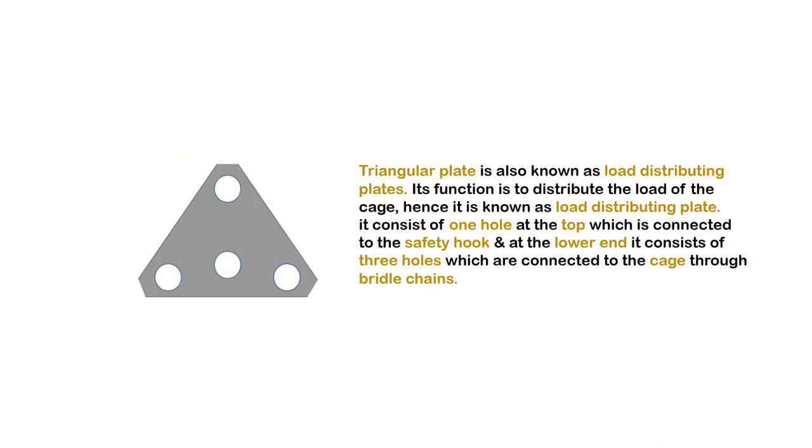Triangular plate, also known as load distributing plate. Its function is to distribute the load of the cage, hence it is known as load distributing plate. It consists of one hole at the top which is connected to the safety hook, and at the lower end it consists of three holes which are connected to the cage through bridle chains.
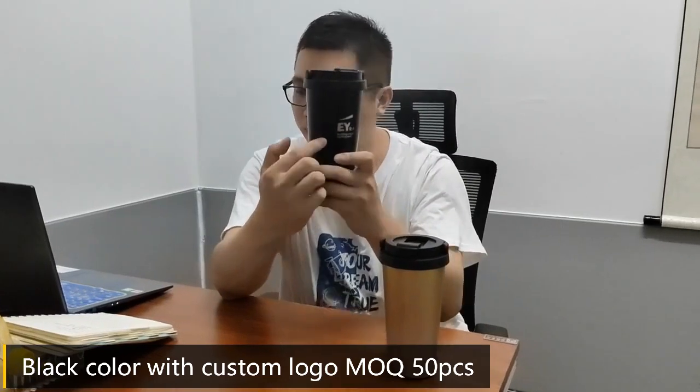This is a black color which lets you want to look good, and a high quality and a very beautiful look. MOQ is 50 pieces. Hope you will like it. Thank you.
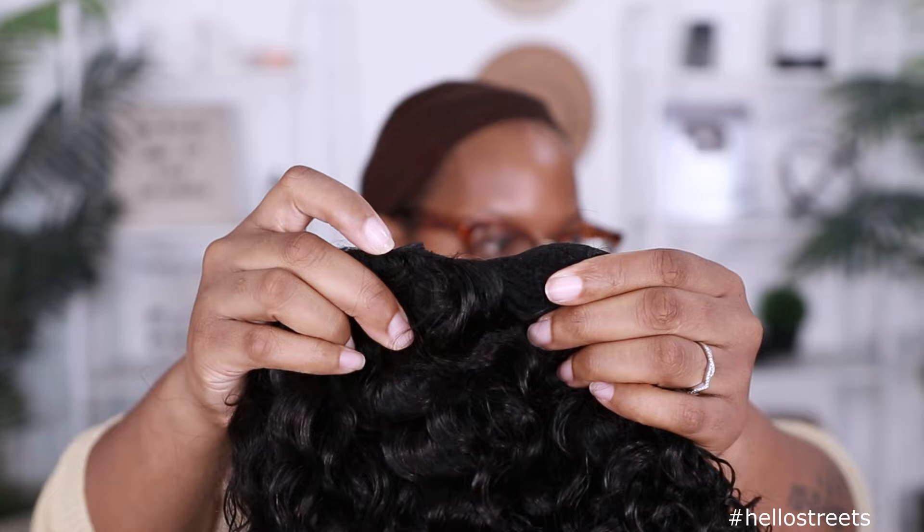So like I said, this unit comes from I See Hair. All the specs are on screen. This is a pre-cut, pre-plucked nine by six. It does come with the C-shape ear tabs — the Y C-shape design inspired by Kai. Thank you I See Hair for definitely shouting your girl out.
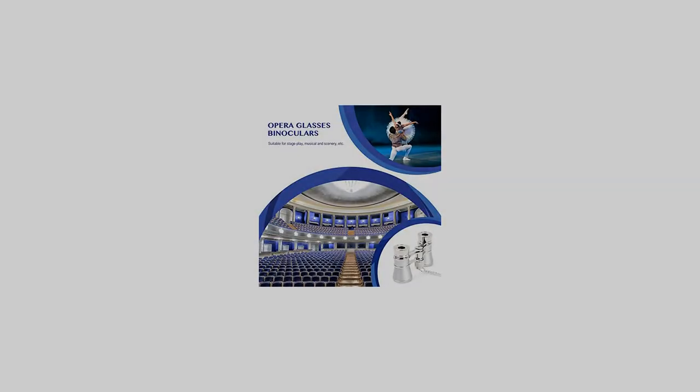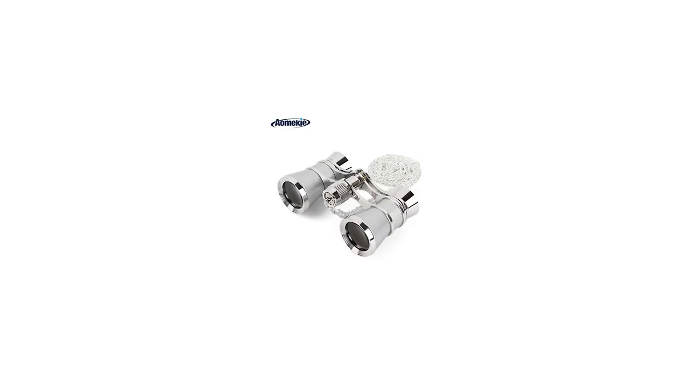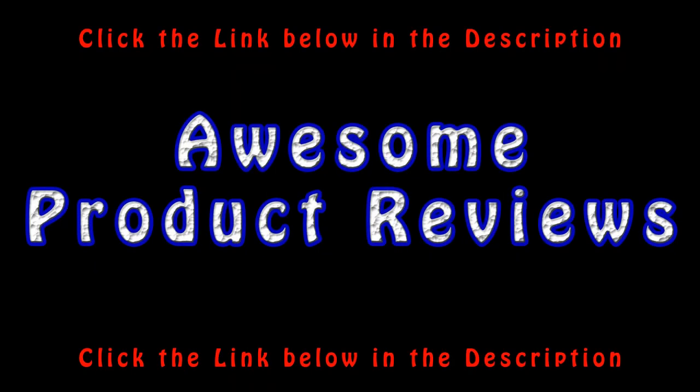Stylish and Modern Opera Glasses with Chain. Beautiful Design and Durability — Built to Last. Quality Optics with Stunning HD Clarity. 100% Quality Materials Used and Tested Extensively. 3x Magnification for Indoor Viewing, Specially Suitable for Theaters and Horse Racing. For more info and special discounts, please click the link below.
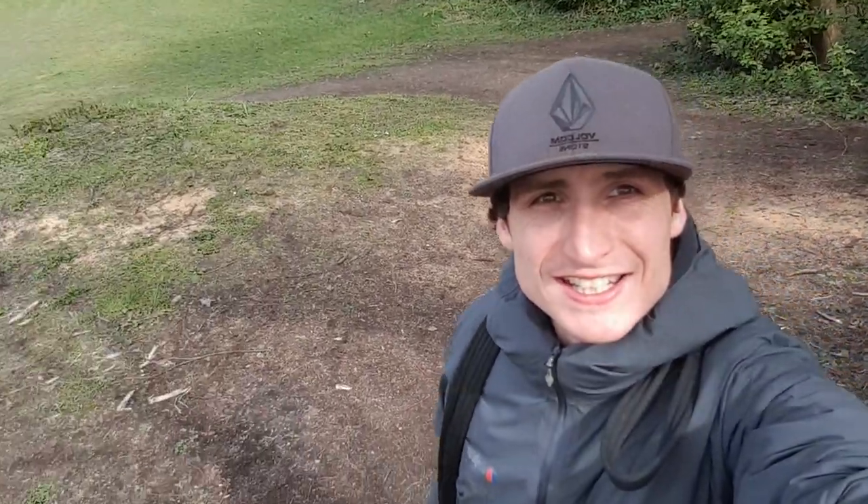Hi everyone, it's Gordon here from Learning to Landscapes. Today we're going to give Hapazome a bash. Let's go.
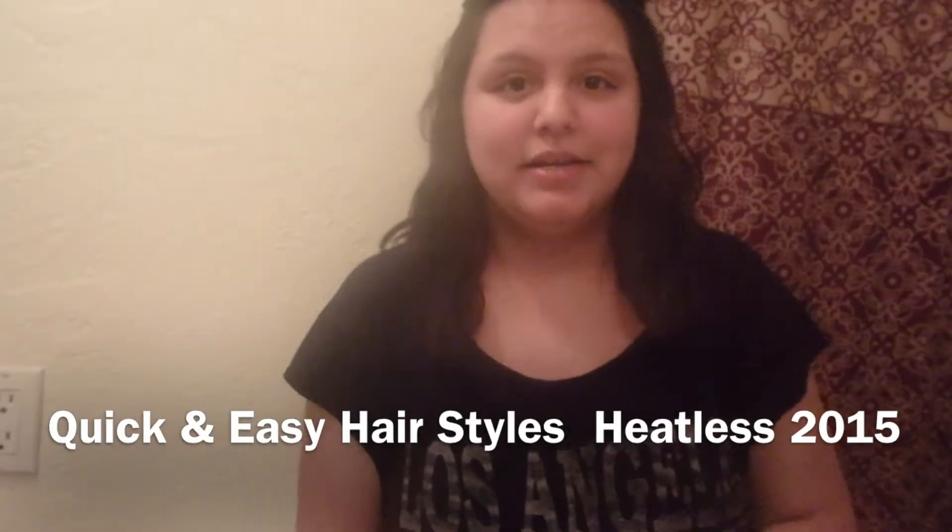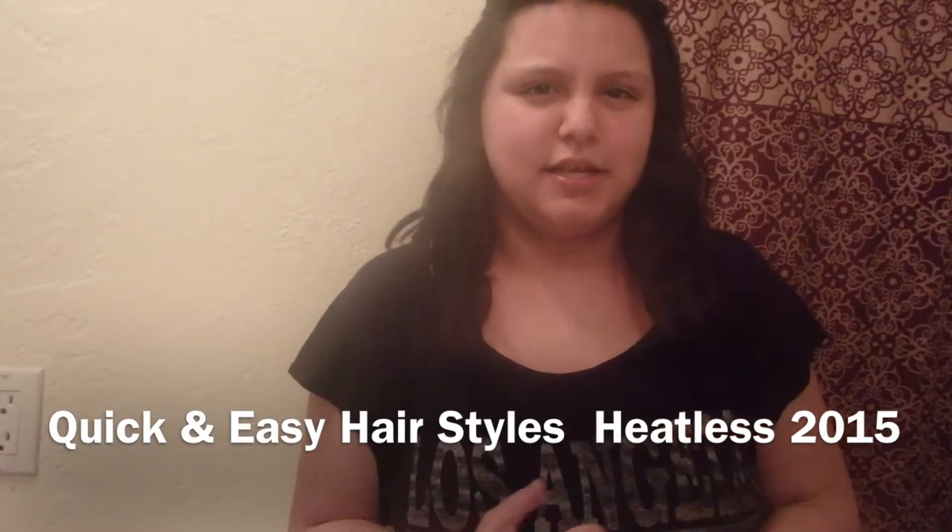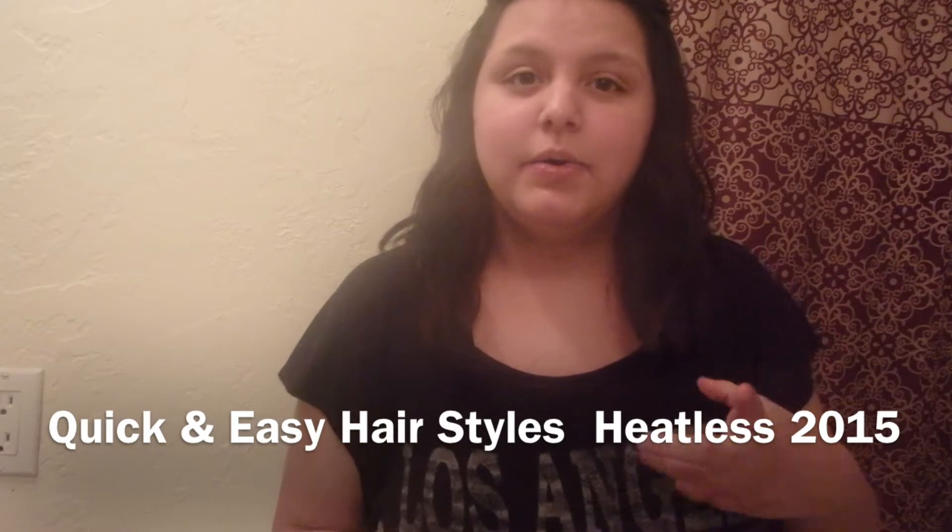Hey everyone, so in this video I'm going to be showing you guys a hairstyle video — just really simple hairstyles that you can do in minutes.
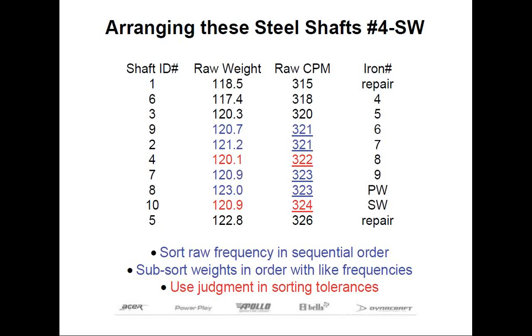When we look at the one entry with a raw frequency of 324 — shown in red — this is always a decision you'll have to make on which is more important: weight or frequency. The shafts for the pitching wedge and the sand wedge could easily be interchanged, which is what I may have done if this were my own set, because the sand wedge is already going to be heavy. That one CPM difference is the equivalent of about one-tenth of a flex — so not a whole lot, considering the weight differential. You can use your own judgment here; that's the logical sequence of how you want to sort these different shafts.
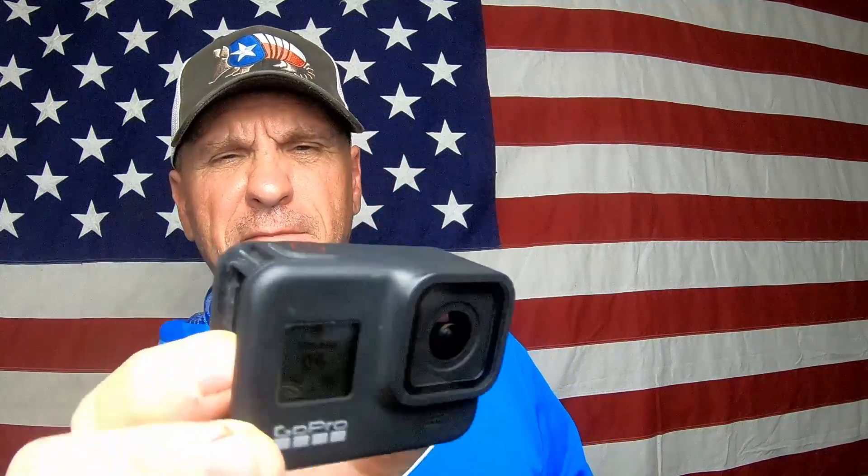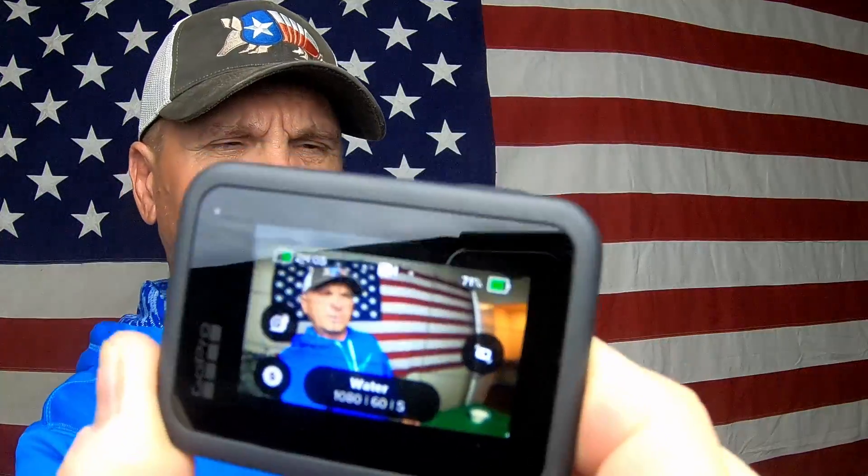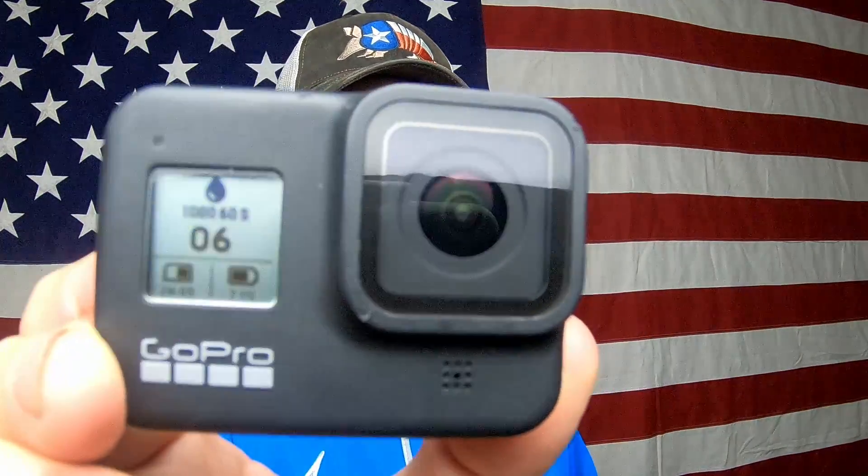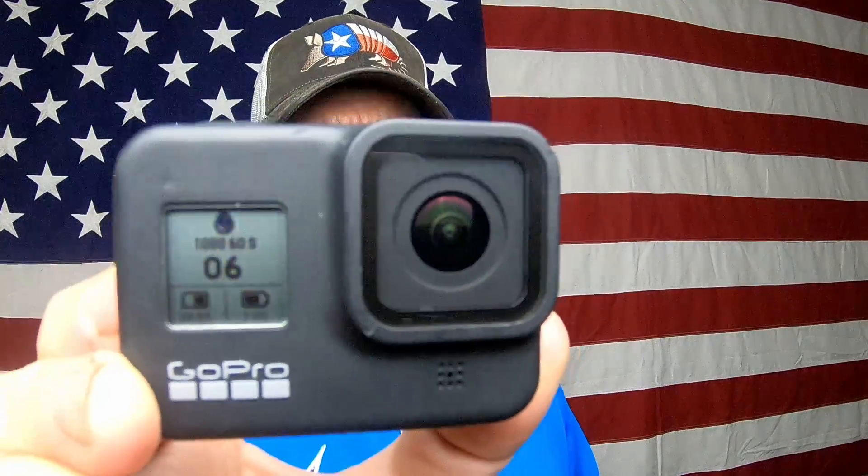I can now put a battery in it. Not only does it come on, everything works — the touchscreen works, everything works beautifully. All the water's out.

◆ **AIM OF THE EXERCISE**: Pictures aside, retype the material exactly.

◆ **TASK RESULT**:
Triangular plate, also known as load distributing plate. Its function is to distribute the load of the cage, hence it is known as load distributing plate. It consists of one hole at the top which is connected to the safety hook, and at the lower end it consists of three holes which are connected to the cage through bridle chains.
This is a black color which lets you want to look good, and a high quality and a very beautiful look. MOQ is 50 pieces. Hope you will like it. Thank you.
So like I said, this unit comes from I See Hair. All the specs are on screen. This is a pre-cut, pre-plucked nine by six. It does come with the C-shape ear tabs — the Y C-shape design inspired by Kai. Thank you I See Hair for definitely shouting your girl out.
Stylish and Modern Opera Glasses with Chain. Beautiful Design and Durability — Built to Last. Quality Optics with Stunning HD Clarity. 100% Quality Materials Used and Tested Extensively. 3x Magnification for Indoor Viewing, Specially Suitable for Theaters and Horse Racing. For more info and special discounts, please click the link below.
Hi everyone, it's Gordon here from Learning to Landscapes. Today we're going to give Hapazome a bash. Let's go.
Hey everyone, so in this video I'm going to be showing you guys a hairstyle video — just really simple hairstyles that you can do in minutes.
When we look at the one entry with a raw frequency of 324 — shown in red — this is always a decision you'll have to make on which is more important: weight or frequency. The shafts for the pitching wedge and the sand wedge could easily be interchanged, which is what I may have done if this were my own set, because the sand wedge is already going to be heavy. That one CPM difference is the equivalent of about one-tenth of a flex — so not a whole lot, considering the weight differential. You can use your own judgment here; that's the logical sequence of how you want to sort these different shafts.
I can now put a battery in it. Not only does it come on, everything works — the touchscreen works, everything works beautifully. All the water's out.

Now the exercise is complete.